Amey places a teaspoon of sulfur over an alcohol burner lamp included in the Gilbert chemistry set he opened that morning.

A colorless, suffocating gas overpowers the delicious holiday aromas, and for half an hour the family stands outside in the frigid fresh air with the kitchen windows flung open.

Despite the disruption and annoyed parents, Amey is completely hooked and soon reigns supreme over a chemistry lab in the basement.

That lab sparked projects and experiments that led him to win regional, national, and international science fairs and earn rewards including a National Merit scholarship, a published paper, and trips to the Apollo 13 launch and Tokyo, Japan.

He came to South Mountain as a commuter student. Ned Heindel, Howard S. Bunn Emeritus Professor of Chemistry, led a strong group of graduate and postdoctoral fellows who befriended Amey and supported his undergraduate research. It didn’t take long for him to realize that he’d need a doctorate to pursue the kind of research that interested him.

Amey’s second publication emerged from his summer research work conducted under Heindel’s direction. Beyond the classroom and lab, Amey took on many projects for the department, like indexing the chemicals in the hallway cabinets in Chandler Hall and cleaning out the attic, where faculty members brought back specimens from early global expeditions.

He earned the William H. Chandler Chemistry Prize in 1974 and graduated with highest honors and departmental honors.

Amey received his doctorate and met his lifelong love, Gail, at University of Illinois Urbana-Champaign. Soon, they were both employed at DuPont, where Amey built a career in new business development, turning waste products, by-products, and co-products into useful and marketable products.

The team joked how they worked from A to Z, developing additives for asphalt and zeolite catalysts for fuel. Amey developed materials for paints, coatings, epoxy, and fragrances. During his time at DuPont, he received two Corporate Marketing Excellence awards.

While his work often took him around the world, the Ameys love an adventure. Together, they have visited 53 countries, toured Africa 12 times, and explored sites including the Egyptian pyramids, Machu Picchu, and Angkor Wat.

The Ameys always travel with cameras to capture images of wildlife, architecture, landscapes, and culture.

Amey also is active at Lehigh, serving on the dean’s advisory council for the College of Arts and Sciences. The Ameys created an endowment supporting summer undergraduate chemistry research — something of lasting impact.

“Lectures and labs are necessary and helpful, but research is the only way to discover what students really want to pursue,” he says.

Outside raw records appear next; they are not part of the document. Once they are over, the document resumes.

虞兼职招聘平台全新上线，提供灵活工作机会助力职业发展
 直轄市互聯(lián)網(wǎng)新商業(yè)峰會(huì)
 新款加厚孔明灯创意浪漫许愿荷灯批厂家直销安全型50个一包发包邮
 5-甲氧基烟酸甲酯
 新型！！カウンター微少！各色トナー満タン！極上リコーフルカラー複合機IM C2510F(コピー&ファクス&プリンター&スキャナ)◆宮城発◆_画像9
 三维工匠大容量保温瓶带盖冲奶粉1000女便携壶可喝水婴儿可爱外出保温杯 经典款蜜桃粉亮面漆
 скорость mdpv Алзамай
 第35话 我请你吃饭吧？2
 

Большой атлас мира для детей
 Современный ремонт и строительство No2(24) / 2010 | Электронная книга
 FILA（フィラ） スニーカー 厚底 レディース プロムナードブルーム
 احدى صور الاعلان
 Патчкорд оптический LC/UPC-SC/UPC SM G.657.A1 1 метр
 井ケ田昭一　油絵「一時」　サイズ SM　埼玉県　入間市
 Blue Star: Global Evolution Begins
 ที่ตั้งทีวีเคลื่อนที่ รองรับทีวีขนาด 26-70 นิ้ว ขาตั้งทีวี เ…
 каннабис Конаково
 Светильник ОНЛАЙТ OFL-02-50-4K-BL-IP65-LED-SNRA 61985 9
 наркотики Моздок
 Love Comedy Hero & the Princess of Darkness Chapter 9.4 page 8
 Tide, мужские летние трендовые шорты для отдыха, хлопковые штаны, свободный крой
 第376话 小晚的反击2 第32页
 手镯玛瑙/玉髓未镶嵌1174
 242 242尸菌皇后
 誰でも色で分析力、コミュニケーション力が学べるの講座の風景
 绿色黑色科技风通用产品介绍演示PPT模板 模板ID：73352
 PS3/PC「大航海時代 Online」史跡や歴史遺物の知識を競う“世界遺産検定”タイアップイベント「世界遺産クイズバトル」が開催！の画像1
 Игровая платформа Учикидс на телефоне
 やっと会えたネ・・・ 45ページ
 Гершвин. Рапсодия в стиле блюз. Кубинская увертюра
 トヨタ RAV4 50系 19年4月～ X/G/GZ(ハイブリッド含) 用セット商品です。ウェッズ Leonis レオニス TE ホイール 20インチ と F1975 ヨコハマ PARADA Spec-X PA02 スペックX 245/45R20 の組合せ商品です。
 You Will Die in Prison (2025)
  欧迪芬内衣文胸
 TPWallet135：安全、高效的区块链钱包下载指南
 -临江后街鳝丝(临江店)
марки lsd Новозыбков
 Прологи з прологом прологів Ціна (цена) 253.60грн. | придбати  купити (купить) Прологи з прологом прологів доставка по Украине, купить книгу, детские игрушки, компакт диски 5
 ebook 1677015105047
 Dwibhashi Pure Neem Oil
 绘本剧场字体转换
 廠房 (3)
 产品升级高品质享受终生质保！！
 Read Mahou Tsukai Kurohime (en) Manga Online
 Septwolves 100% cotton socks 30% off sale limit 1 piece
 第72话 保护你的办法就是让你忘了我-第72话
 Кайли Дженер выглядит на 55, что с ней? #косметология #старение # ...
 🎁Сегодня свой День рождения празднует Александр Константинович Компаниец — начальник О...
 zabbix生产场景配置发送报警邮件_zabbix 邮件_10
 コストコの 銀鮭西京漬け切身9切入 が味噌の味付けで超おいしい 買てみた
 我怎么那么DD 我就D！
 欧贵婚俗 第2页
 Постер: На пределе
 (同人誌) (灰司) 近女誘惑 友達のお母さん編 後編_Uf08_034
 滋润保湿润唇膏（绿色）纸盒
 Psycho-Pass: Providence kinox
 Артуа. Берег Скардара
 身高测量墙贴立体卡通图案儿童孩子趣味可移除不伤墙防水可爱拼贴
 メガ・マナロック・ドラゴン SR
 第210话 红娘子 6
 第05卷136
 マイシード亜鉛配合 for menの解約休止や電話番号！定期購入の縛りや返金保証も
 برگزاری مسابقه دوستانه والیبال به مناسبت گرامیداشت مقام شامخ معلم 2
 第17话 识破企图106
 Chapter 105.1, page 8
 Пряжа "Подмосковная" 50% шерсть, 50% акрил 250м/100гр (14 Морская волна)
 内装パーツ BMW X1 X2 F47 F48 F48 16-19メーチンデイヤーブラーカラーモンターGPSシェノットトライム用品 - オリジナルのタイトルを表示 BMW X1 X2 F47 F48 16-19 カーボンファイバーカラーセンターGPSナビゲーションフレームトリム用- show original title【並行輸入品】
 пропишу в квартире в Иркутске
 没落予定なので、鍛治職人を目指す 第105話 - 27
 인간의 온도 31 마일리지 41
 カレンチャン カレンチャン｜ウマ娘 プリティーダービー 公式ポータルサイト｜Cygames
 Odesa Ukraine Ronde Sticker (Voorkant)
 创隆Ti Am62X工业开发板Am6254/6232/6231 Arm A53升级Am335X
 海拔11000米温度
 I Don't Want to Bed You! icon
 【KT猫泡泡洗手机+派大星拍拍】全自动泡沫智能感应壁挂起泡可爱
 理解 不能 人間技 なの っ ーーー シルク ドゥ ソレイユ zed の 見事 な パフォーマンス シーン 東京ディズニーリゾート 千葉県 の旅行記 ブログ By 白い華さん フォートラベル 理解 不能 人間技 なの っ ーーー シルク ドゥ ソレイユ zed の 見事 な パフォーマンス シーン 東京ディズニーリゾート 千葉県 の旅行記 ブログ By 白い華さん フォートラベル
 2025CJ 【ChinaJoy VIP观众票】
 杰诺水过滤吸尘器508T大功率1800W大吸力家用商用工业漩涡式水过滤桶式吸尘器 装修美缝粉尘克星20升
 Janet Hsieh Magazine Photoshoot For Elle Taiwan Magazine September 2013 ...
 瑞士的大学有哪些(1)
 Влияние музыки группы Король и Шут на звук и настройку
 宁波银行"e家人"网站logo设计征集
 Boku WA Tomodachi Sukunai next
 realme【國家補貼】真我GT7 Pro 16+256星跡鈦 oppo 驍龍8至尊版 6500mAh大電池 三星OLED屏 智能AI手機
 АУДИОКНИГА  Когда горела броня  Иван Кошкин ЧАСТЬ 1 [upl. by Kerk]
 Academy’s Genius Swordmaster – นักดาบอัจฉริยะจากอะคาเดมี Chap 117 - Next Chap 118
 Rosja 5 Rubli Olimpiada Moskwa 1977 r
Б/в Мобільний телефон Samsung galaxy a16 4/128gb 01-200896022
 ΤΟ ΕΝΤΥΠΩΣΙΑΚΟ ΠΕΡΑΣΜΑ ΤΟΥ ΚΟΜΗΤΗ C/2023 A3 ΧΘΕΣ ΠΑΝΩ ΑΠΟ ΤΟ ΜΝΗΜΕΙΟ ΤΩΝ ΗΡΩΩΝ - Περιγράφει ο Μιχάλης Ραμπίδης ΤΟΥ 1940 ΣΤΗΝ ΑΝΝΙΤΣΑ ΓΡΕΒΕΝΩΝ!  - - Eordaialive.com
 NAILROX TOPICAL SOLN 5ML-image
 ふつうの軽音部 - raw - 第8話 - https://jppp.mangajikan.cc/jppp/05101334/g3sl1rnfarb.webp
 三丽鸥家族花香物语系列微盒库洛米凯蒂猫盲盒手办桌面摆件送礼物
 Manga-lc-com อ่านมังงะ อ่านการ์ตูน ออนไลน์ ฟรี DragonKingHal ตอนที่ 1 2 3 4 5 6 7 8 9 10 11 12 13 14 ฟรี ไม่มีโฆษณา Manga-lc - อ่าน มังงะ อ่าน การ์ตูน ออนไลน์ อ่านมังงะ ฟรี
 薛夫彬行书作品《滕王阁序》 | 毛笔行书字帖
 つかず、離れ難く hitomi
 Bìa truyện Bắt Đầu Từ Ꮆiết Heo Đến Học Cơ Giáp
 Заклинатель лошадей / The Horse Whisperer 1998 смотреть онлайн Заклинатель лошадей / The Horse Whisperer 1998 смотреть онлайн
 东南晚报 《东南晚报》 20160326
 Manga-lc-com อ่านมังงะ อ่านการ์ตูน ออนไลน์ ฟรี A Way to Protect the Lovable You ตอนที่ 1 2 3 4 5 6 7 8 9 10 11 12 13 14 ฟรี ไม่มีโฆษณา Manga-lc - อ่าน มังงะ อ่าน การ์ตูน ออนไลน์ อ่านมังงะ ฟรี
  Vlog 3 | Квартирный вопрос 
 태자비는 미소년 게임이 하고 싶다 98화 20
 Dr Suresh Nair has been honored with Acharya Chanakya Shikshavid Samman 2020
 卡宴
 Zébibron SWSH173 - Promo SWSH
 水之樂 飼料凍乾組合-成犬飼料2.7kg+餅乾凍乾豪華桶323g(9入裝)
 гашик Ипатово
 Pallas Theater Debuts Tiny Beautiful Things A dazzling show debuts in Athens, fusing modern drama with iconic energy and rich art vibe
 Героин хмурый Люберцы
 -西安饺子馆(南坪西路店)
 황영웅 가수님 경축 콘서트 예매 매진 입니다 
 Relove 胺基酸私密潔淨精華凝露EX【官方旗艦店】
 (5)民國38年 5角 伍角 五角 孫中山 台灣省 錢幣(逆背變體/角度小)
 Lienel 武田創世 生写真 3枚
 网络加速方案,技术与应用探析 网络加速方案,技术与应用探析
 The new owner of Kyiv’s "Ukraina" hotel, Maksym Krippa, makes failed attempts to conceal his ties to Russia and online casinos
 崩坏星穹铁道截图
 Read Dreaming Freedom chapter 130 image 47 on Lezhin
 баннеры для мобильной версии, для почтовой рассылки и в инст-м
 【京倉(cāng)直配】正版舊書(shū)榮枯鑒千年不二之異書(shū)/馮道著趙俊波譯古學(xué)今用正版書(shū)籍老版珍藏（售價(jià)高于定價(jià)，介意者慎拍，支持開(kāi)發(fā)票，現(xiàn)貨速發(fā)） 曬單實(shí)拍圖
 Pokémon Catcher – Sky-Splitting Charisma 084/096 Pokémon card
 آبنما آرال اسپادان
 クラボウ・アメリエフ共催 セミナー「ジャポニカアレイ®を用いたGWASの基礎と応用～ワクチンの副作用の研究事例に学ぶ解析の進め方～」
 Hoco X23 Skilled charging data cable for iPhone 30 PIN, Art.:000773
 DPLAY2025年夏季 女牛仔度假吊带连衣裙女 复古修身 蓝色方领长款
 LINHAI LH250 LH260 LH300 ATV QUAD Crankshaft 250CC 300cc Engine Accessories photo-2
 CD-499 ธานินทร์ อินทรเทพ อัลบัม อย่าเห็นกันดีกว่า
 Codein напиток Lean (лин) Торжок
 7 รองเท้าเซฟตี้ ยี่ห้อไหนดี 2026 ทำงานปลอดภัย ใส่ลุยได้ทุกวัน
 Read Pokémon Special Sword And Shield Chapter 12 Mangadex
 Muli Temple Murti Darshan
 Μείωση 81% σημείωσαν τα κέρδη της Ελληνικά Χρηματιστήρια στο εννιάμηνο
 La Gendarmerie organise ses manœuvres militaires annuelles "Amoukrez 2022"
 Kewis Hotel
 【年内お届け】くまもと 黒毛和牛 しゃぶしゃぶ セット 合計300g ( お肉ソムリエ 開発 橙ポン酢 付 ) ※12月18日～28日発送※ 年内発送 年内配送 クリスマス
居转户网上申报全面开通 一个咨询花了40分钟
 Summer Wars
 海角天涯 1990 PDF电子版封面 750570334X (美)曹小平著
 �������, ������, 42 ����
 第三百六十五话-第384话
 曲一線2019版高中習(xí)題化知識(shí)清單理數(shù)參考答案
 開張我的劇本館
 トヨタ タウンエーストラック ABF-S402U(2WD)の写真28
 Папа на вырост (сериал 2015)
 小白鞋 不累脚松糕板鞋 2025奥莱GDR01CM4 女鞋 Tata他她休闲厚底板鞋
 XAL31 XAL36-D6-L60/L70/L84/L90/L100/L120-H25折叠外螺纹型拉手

The Ameys use their IRA to make a qualified charitable distribution supporting that endowment. They also set up a donor-advised fund that they continue to grow and will utilize to benefit Lehigh as a beneficiary in the future.

“I received merit and financial aid scholarships as a student,” he says. “We want to support students so they don’t have to struggle to get what they need. No one can do it alone. There is so much talent in need of resources. We want to be there to help them ignite their passions and forge a pathway forward.”

Same fire he had, but less sulfur this time.